Qual o preço que nós pagamos por um erro? O desperdício de uma última chance para acertar? Talvez. Ninguém nunca sabe qual é a fórmula certa para nada. Penso nisso quase que o tempo todo, antes de pensar em fazer muitas coisas, pois há outras tantas que faço no impulso, totalmente sem pensar. Errado? Não sei, era minha vontade... fui lá e fiz mesmo!
Quem vai pagar por cada erro? Eu! Quem vai brindar a cada vitória? Eu também. Então porque preocupar-se tanto não é mesmo. Sabemos das consequências quase sempre antes de tomarmos muitas atitudes. Difícil é ter a fórmula certa.
Álgebra é batata perto do 'Se eu fizer isso, acontece isso, mas isso também pode, e isso eu não posso deixar acontecer', meu Deus! Faltou espaço na calculadora para calcular os possíveis resultados de tal atitude.
Mas a vida é assim mesmo. Há pouco tempo ouvi aquela frase, ou melhor, li: Tentar e errar, mas não desistir de tentar. E é incrível como essa é a mais pura realidade. Tudo bem, feche os olhos se não quiser acreditar, mas eu a confirmo com: A persistência é o que leva a perfeição. Tudo bem, tudo bem! Parei por aqui com 'frases prontas', como diz meu pai.
A verdade é que é isso mesmo, nunca temos certeza sobre nada, assim como o nada tampouco tem certeza sobre a gente. Tudo é inconstante, é inesperado. E convenhamos, é isso que faz a vida ser mais excitante.
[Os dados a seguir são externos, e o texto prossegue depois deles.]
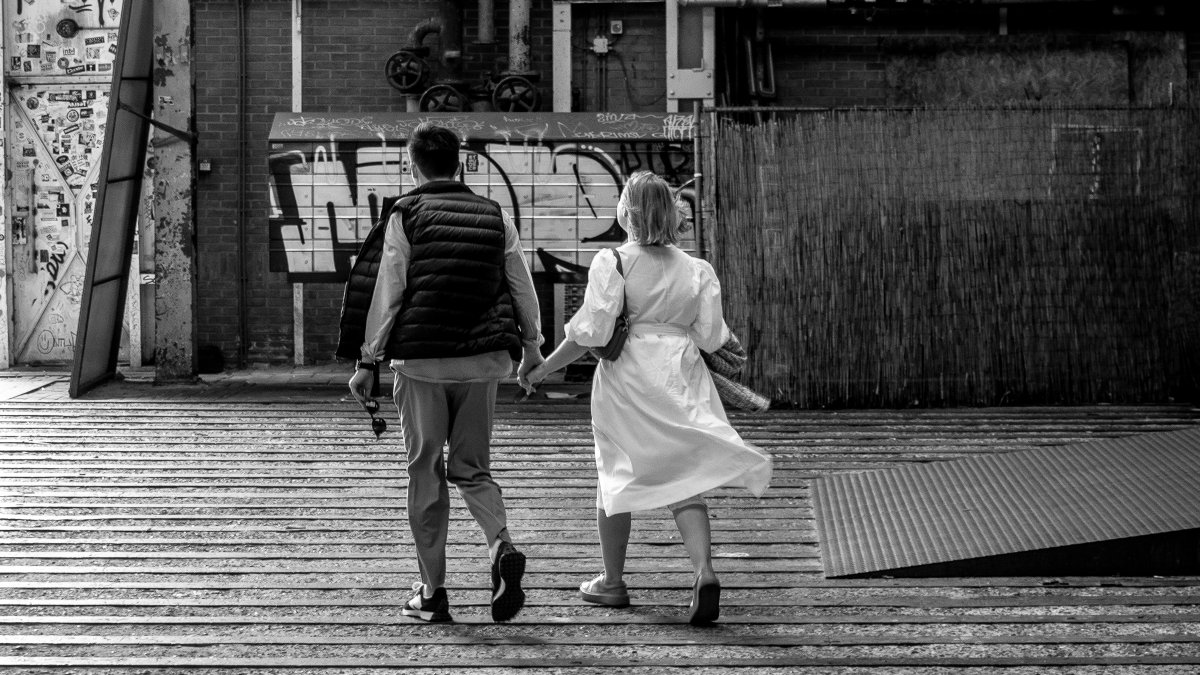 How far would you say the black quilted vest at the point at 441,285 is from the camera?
5.16 meters

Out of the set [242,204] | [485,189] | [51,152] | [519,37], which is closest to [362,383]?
[485,189]

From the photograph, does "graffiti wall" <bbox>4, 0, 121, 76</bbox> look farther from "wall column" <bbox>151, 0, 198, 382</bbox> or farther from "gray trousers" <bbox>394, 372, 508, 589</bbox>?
"gray trousers" <bbox>394, 372, 508, 589</bbox>

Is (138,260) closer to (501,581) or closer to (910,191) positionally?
(910,191)

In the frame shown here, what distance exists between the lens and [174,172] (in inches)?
477

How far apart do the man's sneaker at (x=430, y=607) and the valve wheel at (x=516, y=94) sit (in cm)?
809

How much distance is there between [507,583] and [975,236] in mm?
6289

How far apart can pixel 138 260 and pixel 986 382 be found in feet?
27.9

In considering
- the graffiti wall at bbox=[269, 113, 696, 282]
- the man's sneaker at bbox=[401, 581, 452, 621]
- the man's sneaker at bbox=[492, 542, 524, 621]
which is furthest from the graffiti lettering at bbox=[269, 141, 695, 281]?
the man's sneaker at bbox=[492, 542, 524, 621]

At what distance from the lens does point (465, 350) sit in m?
5.17

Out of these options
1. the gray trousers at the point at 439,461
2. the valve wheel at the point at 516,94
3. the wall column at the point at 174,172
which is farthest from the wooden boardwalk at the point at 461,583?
the valve wheel at the point at 516,94

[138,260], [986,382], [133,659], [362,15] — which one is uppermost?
[362,15]

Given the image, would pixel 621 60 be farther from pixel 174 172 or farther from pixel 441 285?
pixel 441 285

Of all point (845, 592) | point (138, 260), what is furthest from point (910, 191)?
point (138, 260)

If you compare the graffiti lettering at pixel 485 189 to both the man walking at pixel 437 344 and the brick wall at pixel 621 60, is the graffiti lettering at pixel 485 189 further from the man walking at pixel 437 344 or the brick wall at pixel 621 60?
the man walking at pixel 437 344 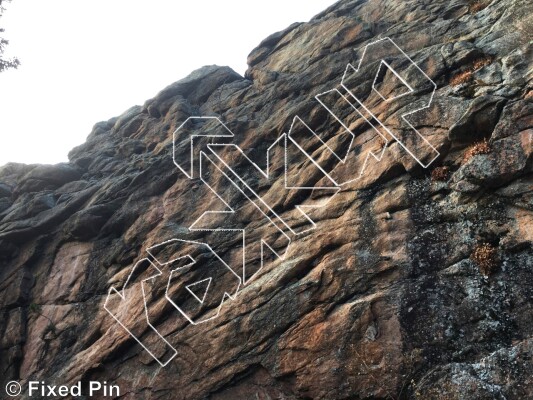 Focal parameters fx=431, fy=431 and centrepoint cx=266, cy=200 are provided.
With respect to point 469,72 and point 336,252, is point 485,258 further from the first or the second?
point 469,72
Você rouba um beijo da garota dos seus sonhos e esperava uma bela bofetada no rosto, quando ela em resposta rouba outro beijo de você. Você, sem fé, aposta na loteria e surpreendentemente ganha. Ok. É uma rara possibilidade e, ladroagem ou não, alguém sempre leva a grana toda. Você manda currículo para a empresa dos seus sonhos, faz a entrevista e tem certeza de que não lhe vão chamar, quando toca, repentinamente seu telefone e você é imediatamente contratado.
O gosto, a espera, a delicia do incerto, do inesperado, da dúvida. De tudo aquilo que não podemos ver, mas que podemos imaginar sem que ninguém perceba. E como a gente sonha e idealiza tudo. E, convenhamos mais uma vez: Certo ou errado, como é bom imaginar, melhor ainda é realizar.
GEDIEL, Camila. Sem Fórmula. 2010.
Escrito em 18 de Novembro de 2010.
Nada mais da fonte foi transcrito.